HOW TO COMPLETE THIS TASK
Character for character, transcribe the entries below, minus the images.

>>

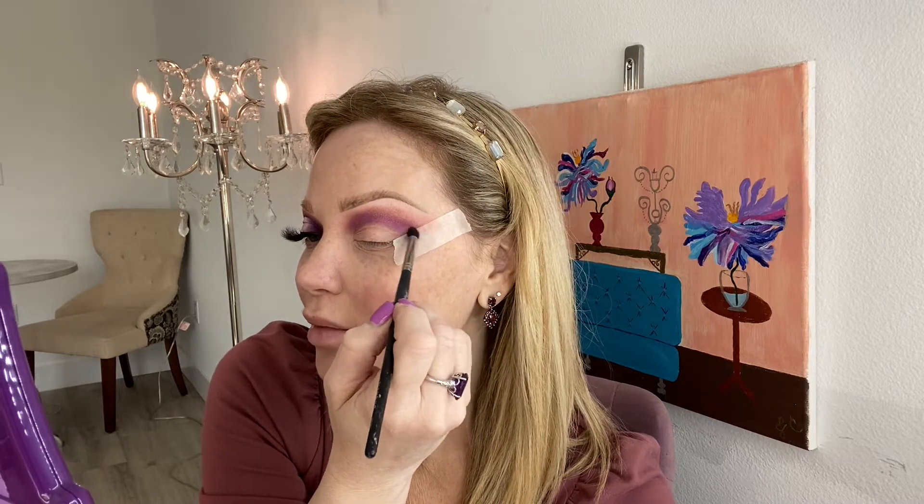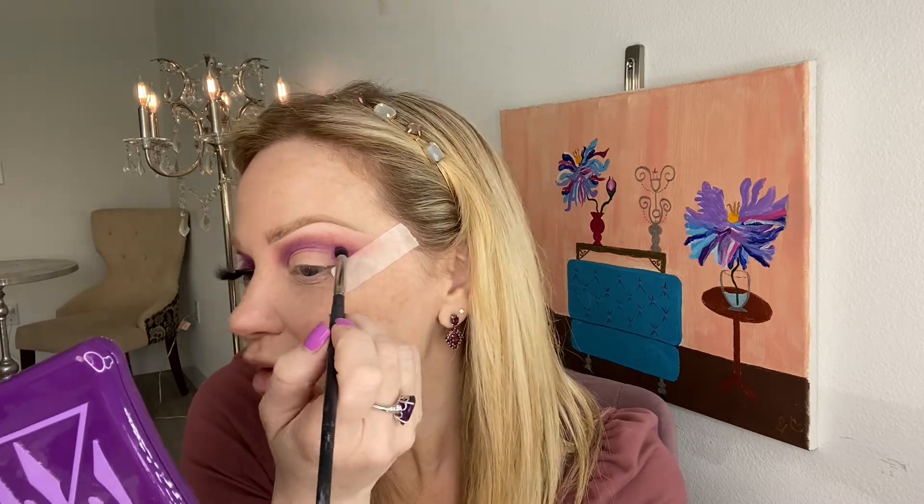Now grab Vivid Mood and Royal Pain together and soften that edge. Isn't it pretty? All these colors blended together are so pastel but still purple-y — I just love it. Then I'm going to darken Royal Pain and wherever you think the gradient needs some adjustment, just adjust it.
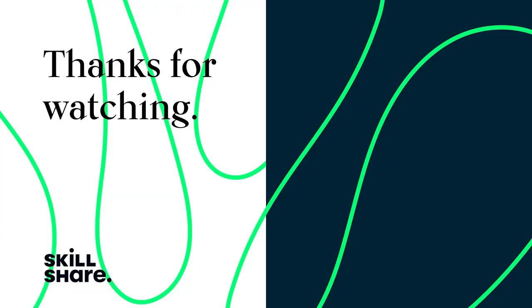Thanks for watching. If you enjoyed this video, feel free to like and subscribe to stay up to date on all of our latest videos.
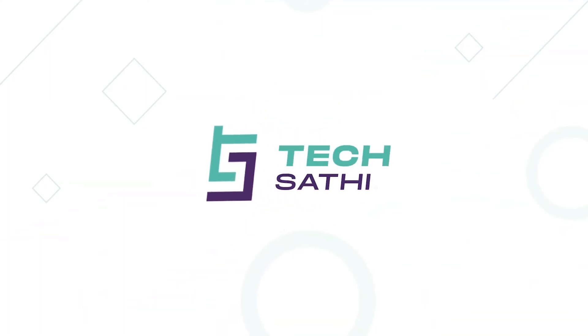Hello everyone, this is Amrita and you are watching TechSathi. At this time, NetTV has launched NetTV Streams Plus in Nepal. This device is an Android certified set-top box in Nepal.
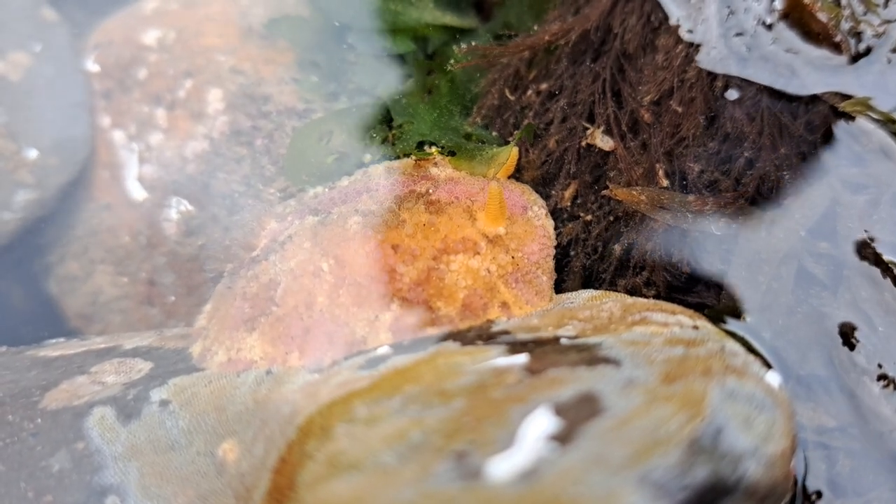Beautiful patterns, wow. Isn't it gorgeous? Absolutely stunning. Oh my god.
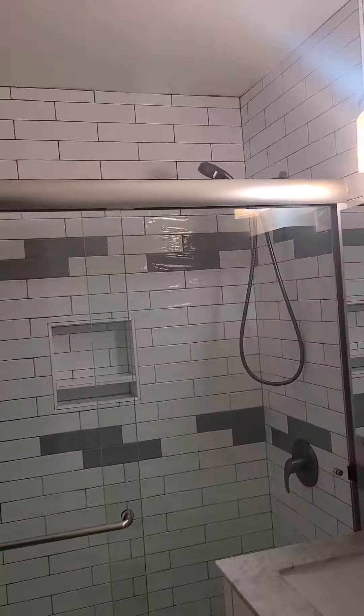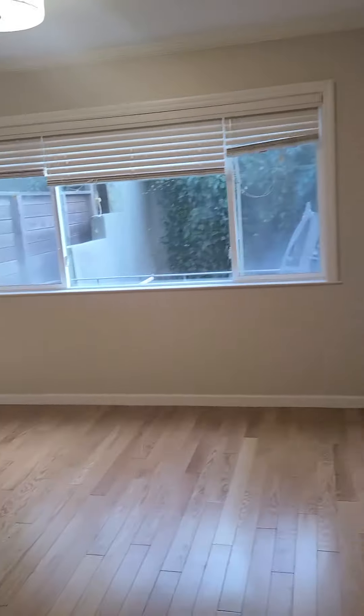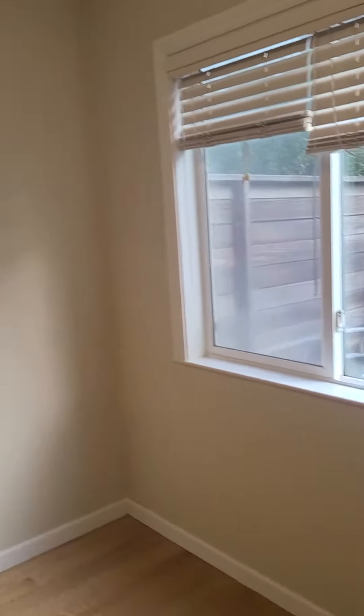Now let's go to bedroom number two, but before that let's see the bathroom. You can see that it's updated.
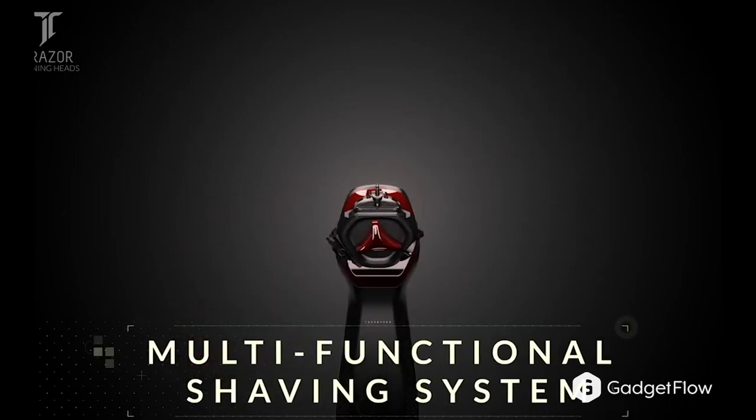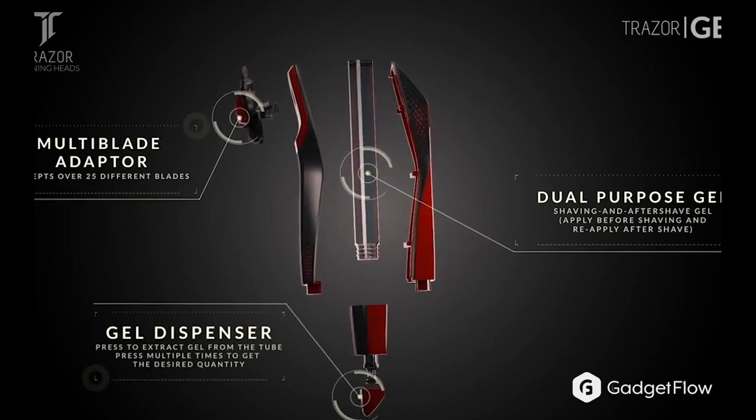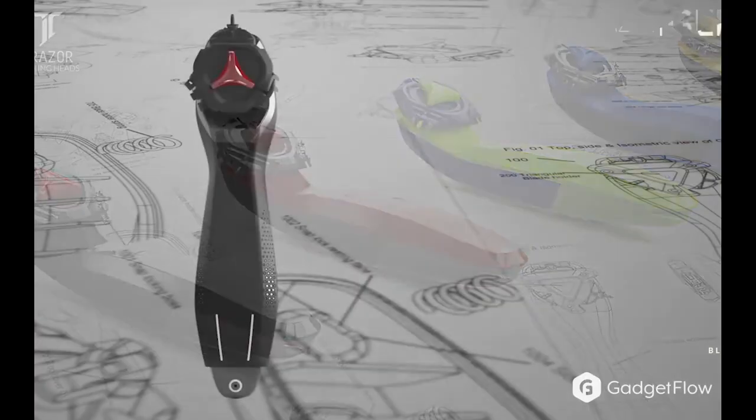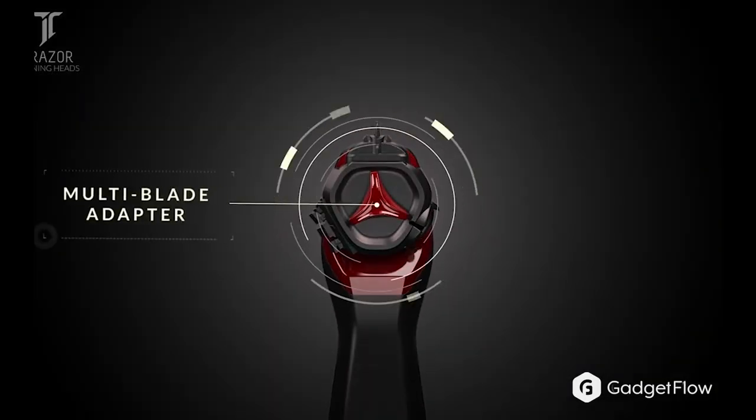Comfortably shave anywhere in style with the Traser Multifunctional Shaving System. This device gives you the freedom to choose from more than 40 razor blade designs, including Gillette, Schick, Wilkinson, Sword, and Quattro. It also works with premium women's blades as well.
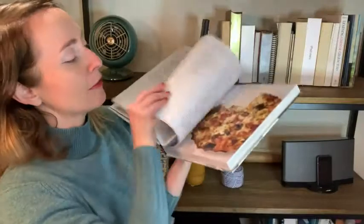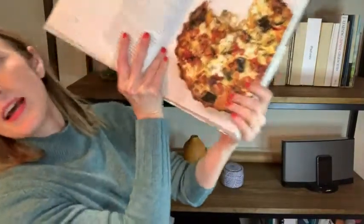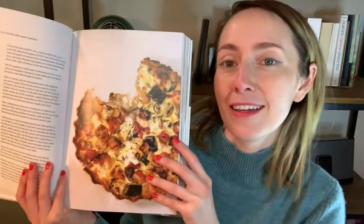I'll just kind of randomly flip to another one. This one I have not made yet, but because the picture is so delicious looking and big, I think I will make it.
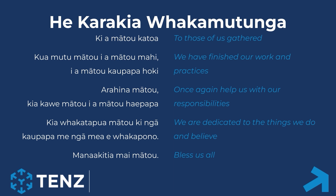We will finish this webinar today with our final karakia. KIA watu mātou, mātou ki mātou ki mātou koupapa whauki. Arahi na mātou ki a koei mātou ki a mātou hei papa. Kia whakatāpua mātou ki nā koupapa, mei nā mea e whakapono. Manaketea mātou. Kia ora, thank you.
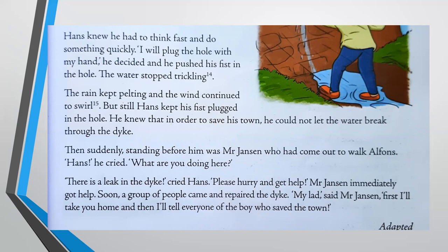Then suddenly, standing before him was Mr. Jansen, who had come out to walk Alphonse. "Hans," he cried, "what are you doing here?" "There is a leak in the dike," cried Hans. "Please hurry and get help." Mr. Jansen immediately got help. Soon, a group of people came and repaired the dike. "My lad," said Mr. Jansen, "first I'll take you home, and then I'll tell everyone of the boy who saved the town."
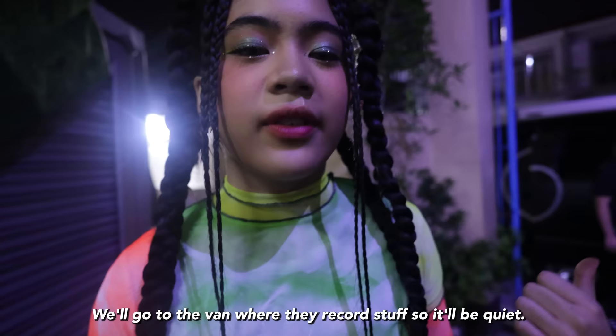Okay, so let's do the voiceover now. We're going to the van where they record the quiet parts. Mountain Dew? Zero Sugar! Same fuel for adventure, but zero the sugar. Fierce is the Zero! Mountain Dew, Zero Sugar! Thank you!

<<

TASK RESULT
Now grab Vivid Mood and Royal Pain together and soften that edge. Isn't it pretty? All these colors blended together are so pastel but still purple-y — I just love it. Then I'm going to darken Royal Pain and wherever you think the gradient needs some adjustment, just adjust it.
Thanks for watching. If you enjoyed this video, feel free to like and subscribe to stay up to date on all of our latest videos.
Hello everyone, this is Amrita and you are watching TechSathi. At this time, NetTV has launched NetTV Streams Plus in Nepal. This device is an Android certified set-top box in Nepal.
Beautiful patterns, wow. Isn't it gorgeous? Absolutely stunning. Oh my god.
Now let's go to bedroom number two, but before that let's see the bathroom. You can see that it's updated.
Comfortably shave anywhere in style with the Traser Multifunctional Shaving System. This device gives you the freedom to choose from more than 40 razor blade designs, including Gillette, Schick, Wilkinson, Sword, and Quattro. It also works with premium women's blades as well.
I'll just kind of randomly flip to another one. This one I have not made yet, but because the picture is so delicious looking and big, I think I will make it.
We will finish this webinar today with our final karakia. KIA watu mātou, mātou ki mātou ki mātou koupapa whauki. Arahi na mātou ki a koei mātou ki a mātou hei papa. Kia whakatāpua mātou ki nā koupapa, mei nā mea e whakapono. Manaketea mātou. Kia ora, thank you.
Then suddenly, standing before him was Mr. Jansen, who had come out to walk Alphonse. "Hans," he cried, "what are you doing here?" "There is a leak in the dike," cried Hans. "Please hurry and get help." Mr. Jansen immediately got help. Soon, a group of people came and repaired the dike. "My lad," said Mr. Jansen, "first I'll take you home, and then I'll tell everyone of the boy who saved the town."
Okay, so let's do the voiceover now. We're going to the van where they record the quiet parts. Mountain Dew? Zero Sugar! Same fuel for adventure, but zero the sugar. Fierce is the Zero! Mountain Dew, Zero Sugar! Thank you!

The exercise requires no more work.